Louis Cameron, Darwin

Degree: PhD
Course: English
Supervisor: Dr Christopher Tilmouth
Dissertation Title: Early Modern Ironism: Contingency and Commitment in English Thought, c. 1640–90

Biographical Information

I read English as an undergraduate at Merton College, Oxford, where I received a first and the Gibbs Prize for distinguished performance in my Finals examinations. I completed my MPhil at Cambridge under a Clare Hall Boak Studentship, ranking second in my cohort.

My current doctoral studies are generously funded by the Vice-Chancellor’s & Darwin College Dr Pamela Raspe Studentship.

I welcome enquiries to supervise the English Literature 1500–1700 and Practical Criticism papers, as well as dissertations related to my research interests. 

 

Research Interests

My doctoral research examines irony as a rhetorical mode and a psychological attitude in seventeenth-century texts of various genres.
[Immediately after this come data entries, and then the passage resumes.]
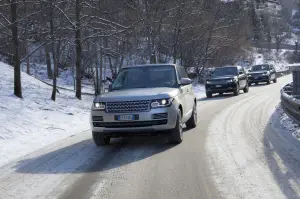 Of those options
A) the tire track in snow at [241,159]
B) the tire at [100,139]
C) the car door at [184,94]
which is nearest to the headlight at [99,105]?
the tire at [100,139]

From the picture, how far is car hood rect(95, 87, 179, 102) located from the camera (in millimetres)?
8836

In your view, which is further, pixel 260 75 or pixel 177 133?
pixel 260 75

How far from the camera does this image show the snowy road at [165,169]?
5840mm

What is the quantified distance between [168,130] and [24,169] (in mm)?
2940

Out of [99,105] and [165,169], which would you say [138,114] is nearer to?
[99,105]

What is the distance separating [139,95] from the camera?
8883mm

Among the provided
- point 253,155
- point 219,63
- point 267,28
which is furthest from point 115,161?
point 267,28

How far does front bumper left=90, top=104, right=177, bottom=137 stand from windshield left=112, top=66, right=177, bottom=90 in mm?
1339

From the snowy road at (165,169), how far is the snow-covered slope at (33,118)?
2.63ft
I am particularly concerned with early modern theology, epistemology, and natural philosophy, and with writers including Joseph Hall, John Milton, Lucy Hutchinson, Thomas Hobbes, Margaret Cavendish, Robert Boyle, and John Locke. I also examine the work of Schlegel, Kierkegaard, and Richard Rorty as it relates to my interest in the aesthetics, ethics, and politics of irony. 

My other interests include early modern biblical interpretation and biblical poetics, early modern ecological thinking, and the concept of the ineffable in early modern thought.

Selected Publications

“Contingency, Irony, and Sociability: Robert Boyle’s Experimental Style.” The Seventeenth Century, March 2025, 1–26. doi:10.1080/0268117X.2025.2477781.